Assigned task: Answer with a number only: how many lines of the data contain "Image"?

Start of Records provided

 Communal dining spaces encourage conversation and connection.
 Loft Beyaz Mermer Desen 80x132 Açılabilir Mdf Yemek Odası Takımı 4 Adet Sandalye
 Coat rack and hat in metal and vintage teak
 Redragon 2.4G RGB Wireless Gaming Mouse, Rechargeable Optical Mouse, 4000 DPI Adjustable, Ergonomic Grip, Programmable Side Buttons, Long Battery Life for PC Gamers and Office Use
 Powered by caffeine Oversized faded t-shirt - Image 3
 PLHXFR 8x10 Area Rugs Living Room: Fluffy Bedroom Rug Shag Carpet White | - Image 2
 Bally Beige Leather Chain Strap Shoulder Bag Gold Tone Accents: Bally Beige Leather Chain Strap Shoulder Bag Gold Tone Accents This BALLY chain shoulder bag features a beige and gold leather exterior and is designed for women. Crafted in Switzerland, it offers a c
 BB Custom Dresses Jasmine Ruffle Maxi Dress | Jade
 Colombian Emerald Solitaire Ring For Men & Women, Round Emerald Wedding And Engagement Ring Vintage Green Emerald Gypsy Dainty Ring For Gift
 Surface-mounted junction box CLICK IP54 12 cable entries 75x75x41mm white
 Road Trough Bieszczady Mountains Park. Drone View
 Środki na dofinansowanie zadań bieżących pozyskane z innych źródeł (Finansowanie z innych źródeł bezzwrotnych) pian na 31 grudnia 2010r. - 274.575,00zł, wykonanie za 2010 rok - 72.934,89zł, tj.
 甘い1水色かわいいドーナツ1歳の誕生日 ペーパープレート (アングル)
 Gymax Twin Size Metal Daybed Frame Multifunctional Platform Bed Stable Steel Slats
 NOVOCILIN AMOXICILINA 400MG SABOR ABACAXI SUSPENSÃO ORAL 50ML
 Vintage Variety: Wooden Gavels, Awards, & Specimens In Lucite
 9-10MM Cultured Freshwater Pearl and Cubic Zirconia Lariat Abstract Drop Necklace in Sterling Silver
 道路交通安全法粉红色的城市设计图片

End of Records provided

Task result: 2